### WHAT YOU SHOULD DO
From the first line of the data down to the line bearing "Elegant Virgin Mary - Acrylic Keychain", output every line exactly and include no pictures.

Pictures with short captions
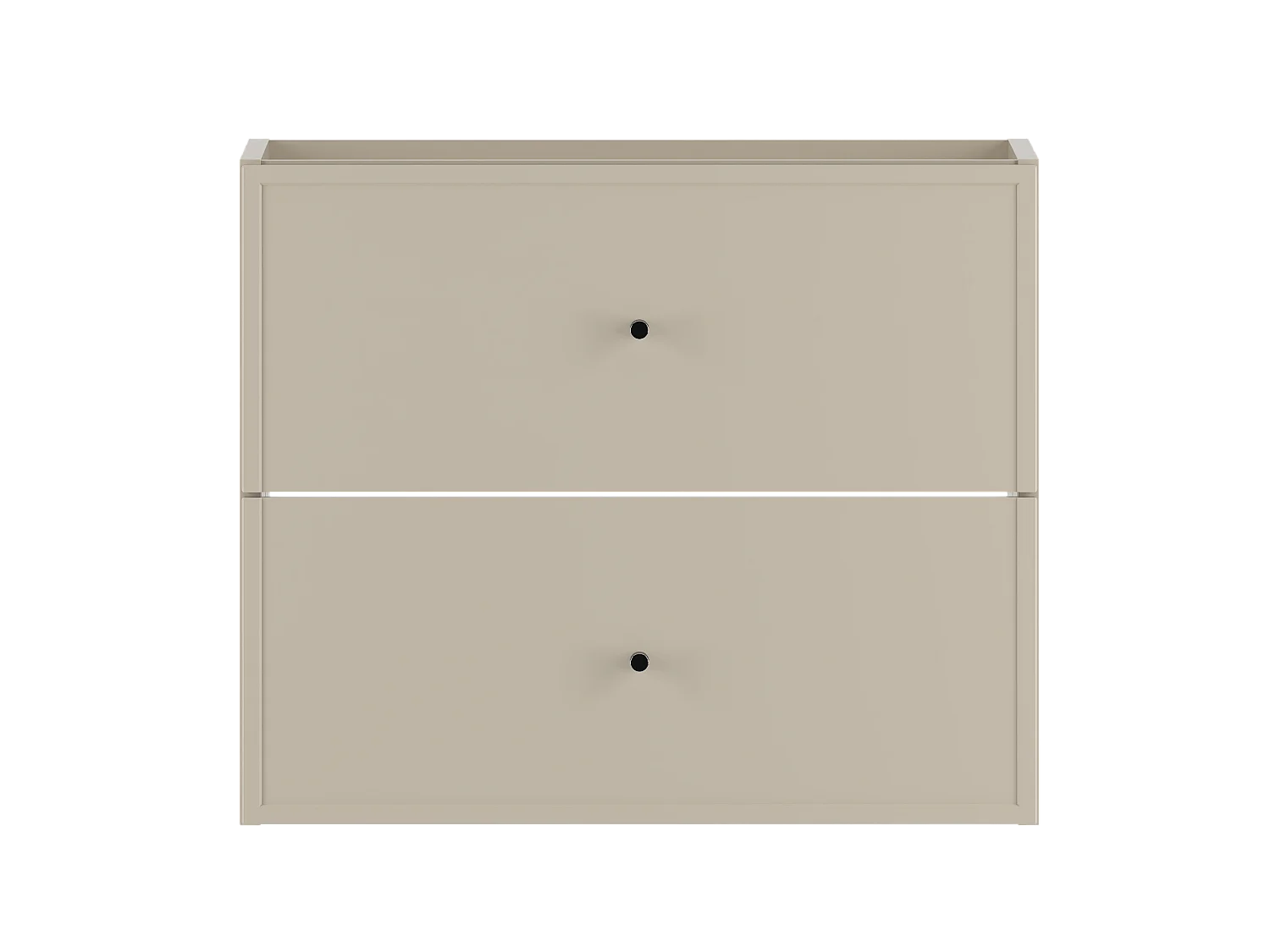 Meuble sous lavabo en cachemire 60 cm 2 tiroirs Marco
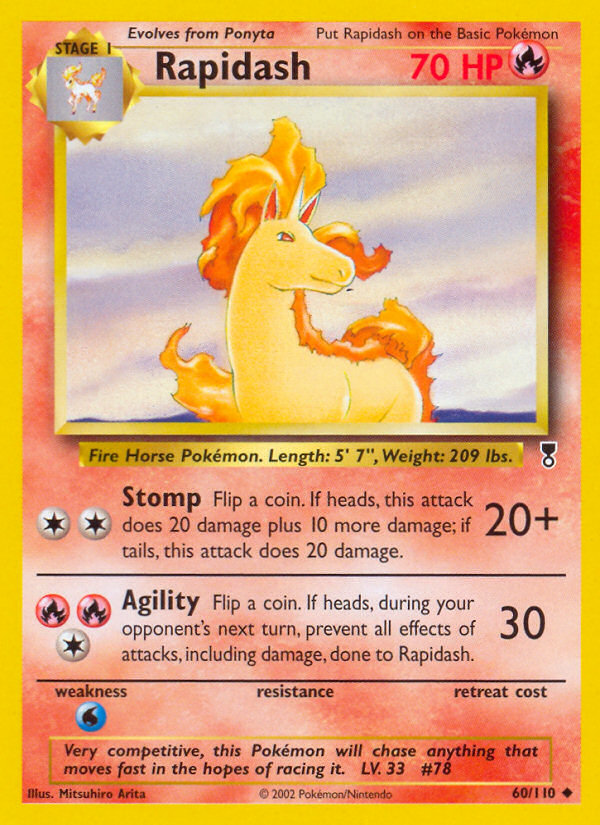 Rapidash (60/110) [Legendary Collection] | Exor Games Dartmouth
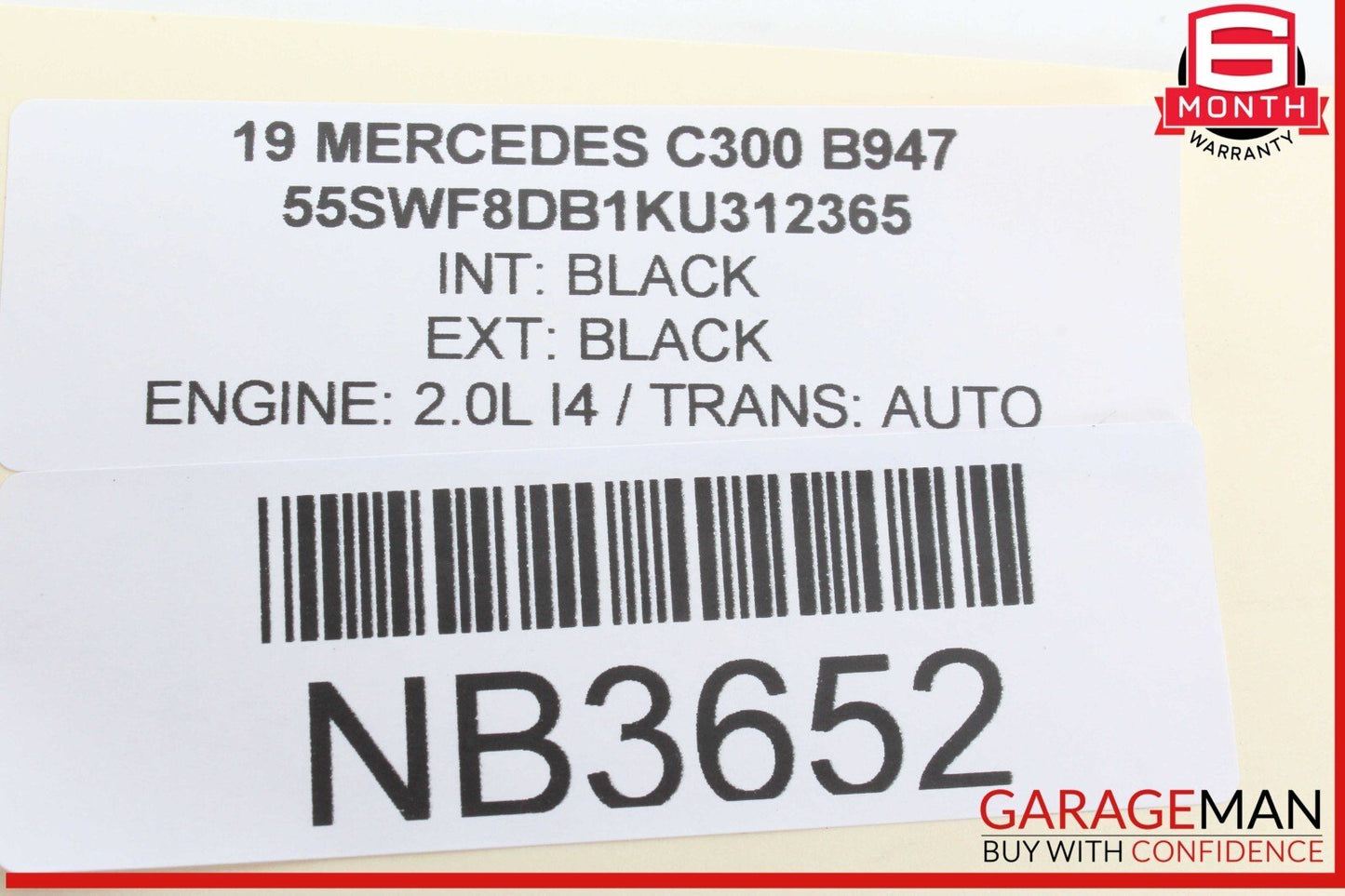 15-20 Mercedes W205 C300 C350e Rear Right Side Door Lock Latch Actuator OEM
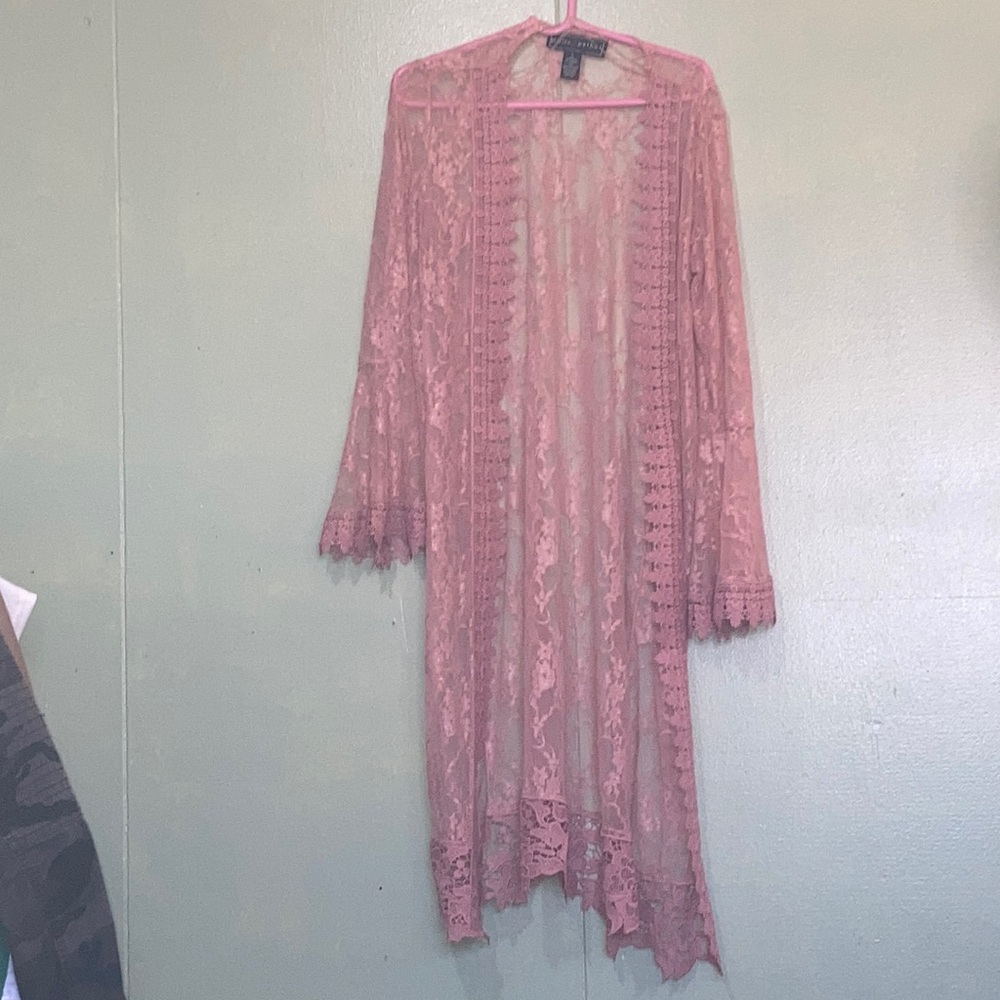 light pink see through robe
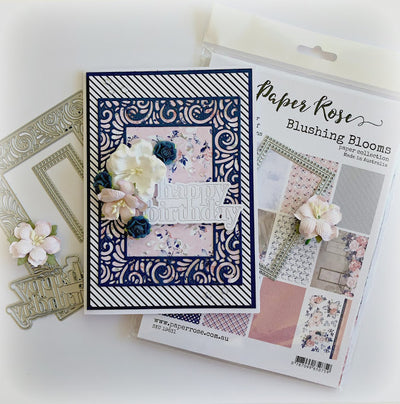 Blushing Blooms Card - Tania Ridgwell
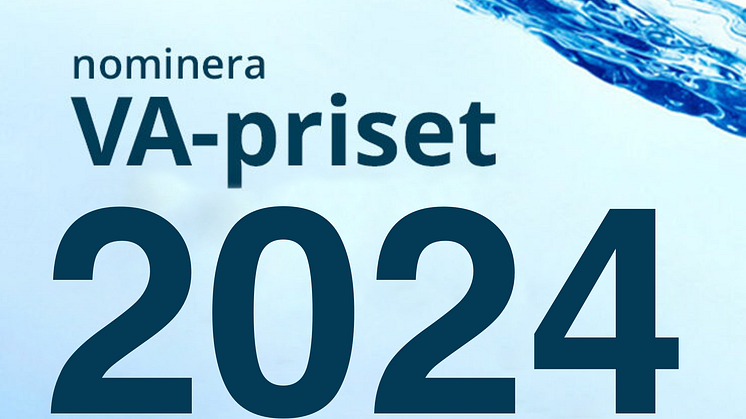 Nominera ditt bidrag till VA-priset 2024!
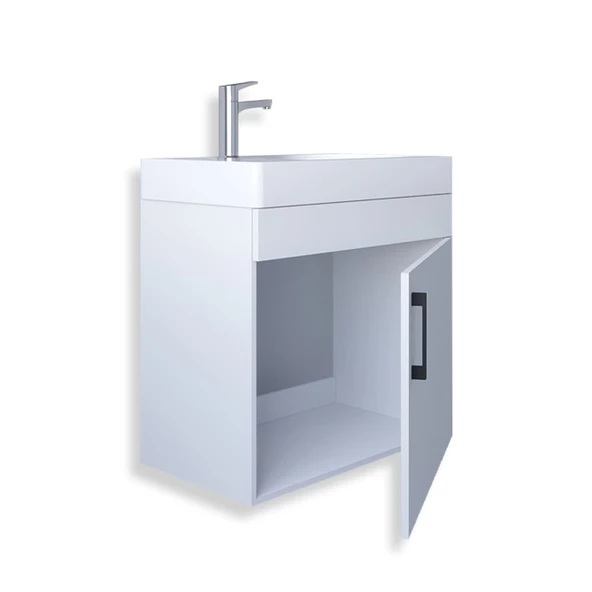Teta Home Rio 45 cm Mdf Banyo Lavabolu Alt Dolap  Beyaz - 2
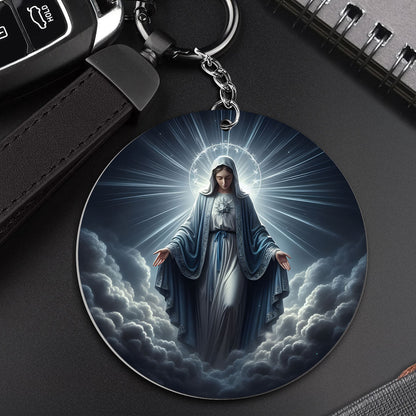 Elegant Virgin Mary - Acrylic Keychain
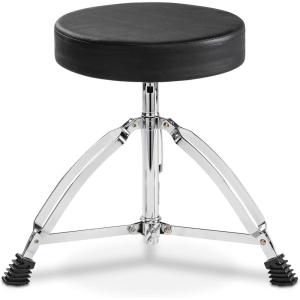 imageDrum and Keyboard Throne Stool Padded Soft Seat Height Adjustable Portable Foldable Drummer Seat for Kids and Adults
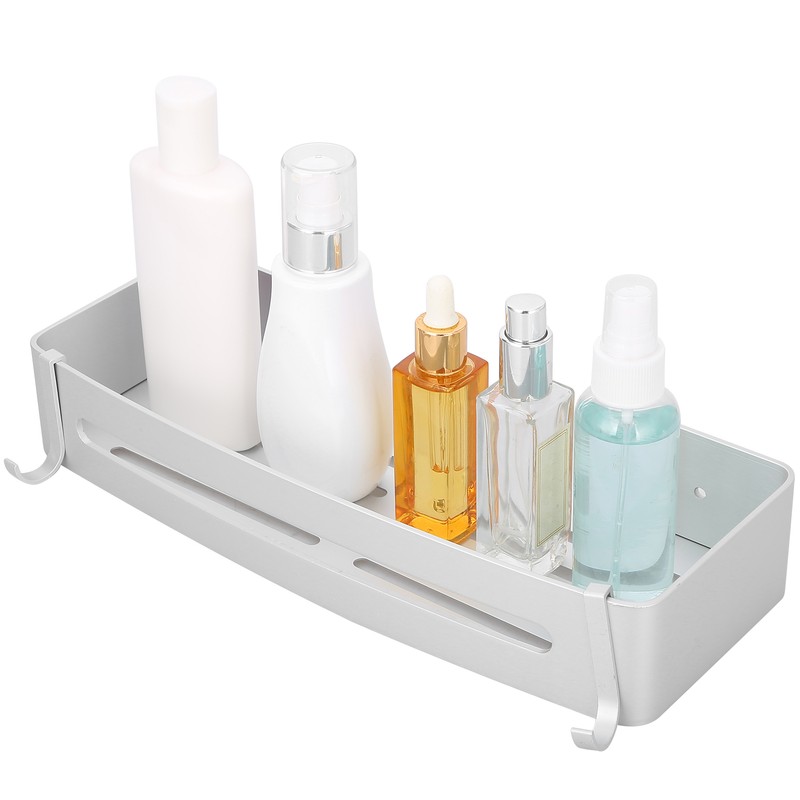 Wall Storage Rack Aluminum Corner Shower Caddies Wall Mounted Bathroom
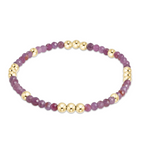 enewton Worthy Pattern bracelet with 3mm ruby beads; bold, meaningful, and stretch-fit design. Available at Be Charmed.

### EXERCISE RESPONSE
 Meuble sous lavabo en cachemire 60 cm 2 tiroirs Marco
 Rapidash (60/110) [Legendary Collection] | Exor Games Dartmouth
 15-20 Mercedes W205 C300 C350e Rear Right Side Door Lock Latch Actuator OEM
 light pink see through robe
 Blushing Blooms Card - Tania Ridgwell
 Nominera ditt bidrag till VA-priset 2024!
Teta Home Rio 45 cm Mdf Banyo Lavabolu Alt Dolap  Beyaz - 2
 Elegant Virgin Mary - Acrylic Keychain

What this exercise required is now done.